- **REQUIREMENT**
Your task is to copy the listing exactly, with the pictures left out.

- **SUPPLIED DATA**
- - - - - - -

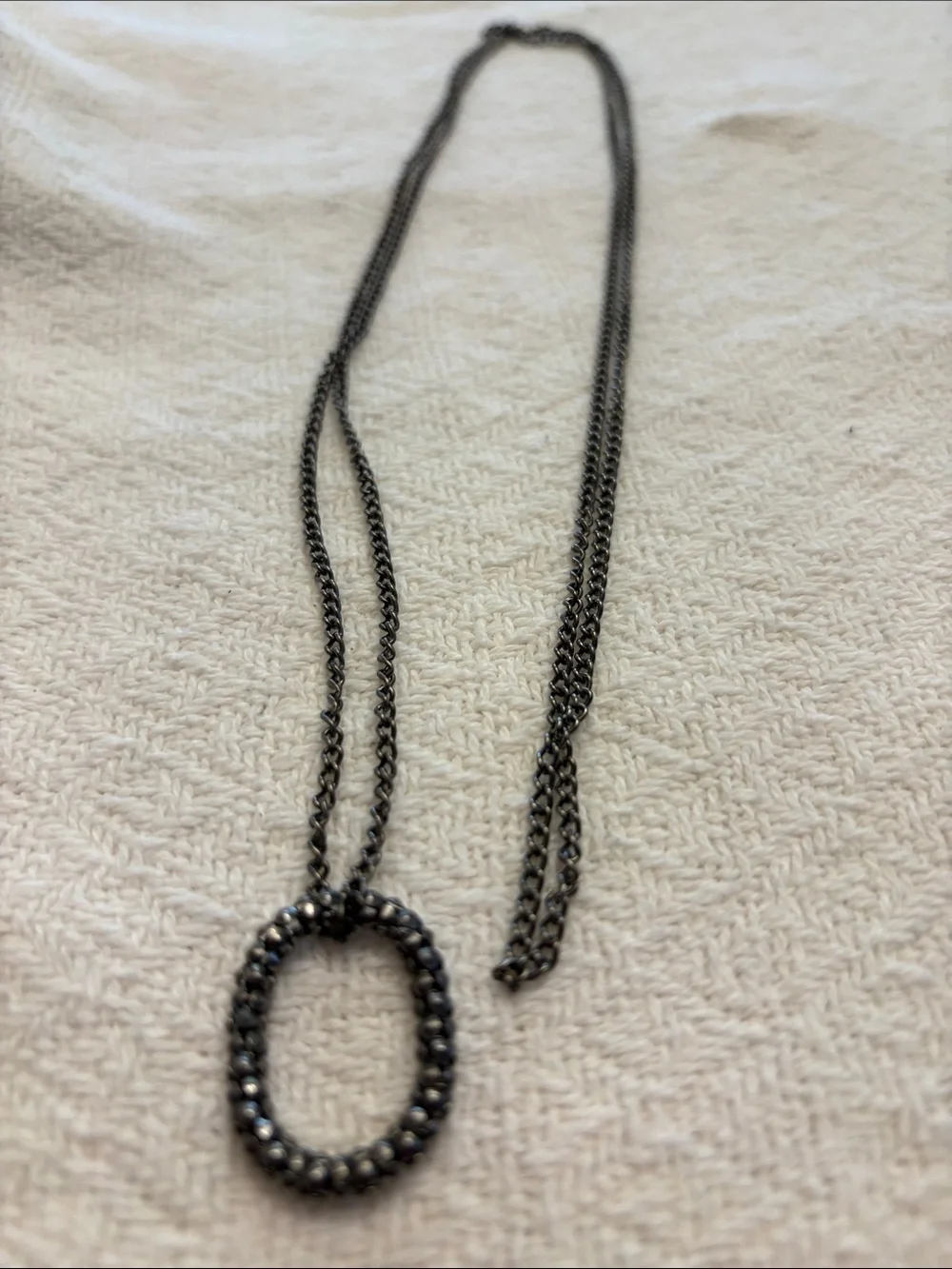 Boho Bundle of 3 Black Cord and Gunmetal Tree of Life Necklace with Pink Accent - Picture 5 of 10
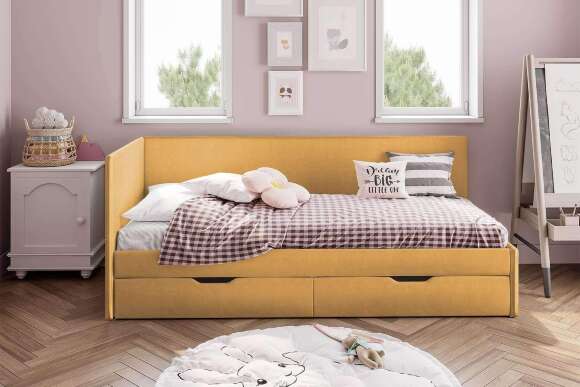 Кровать Лео КР-49, Белый, Горчичный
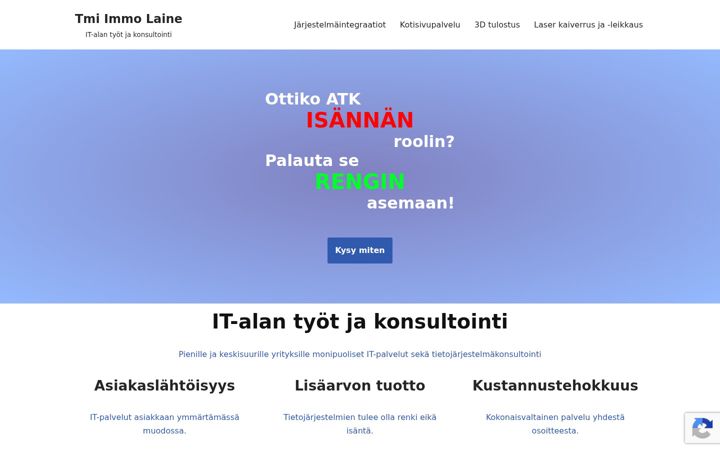 Screenshot of immolaine.fi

- - - - - - -

- **RESULT**
 Boho Bundle of 3 Black Cord and Gunmetal Tree of Life Necklace with Pink Accent - Picture 5 of 10
 Кровать Лео КР-49, Белый, Горчичный
 Screenshot of immolaine.fi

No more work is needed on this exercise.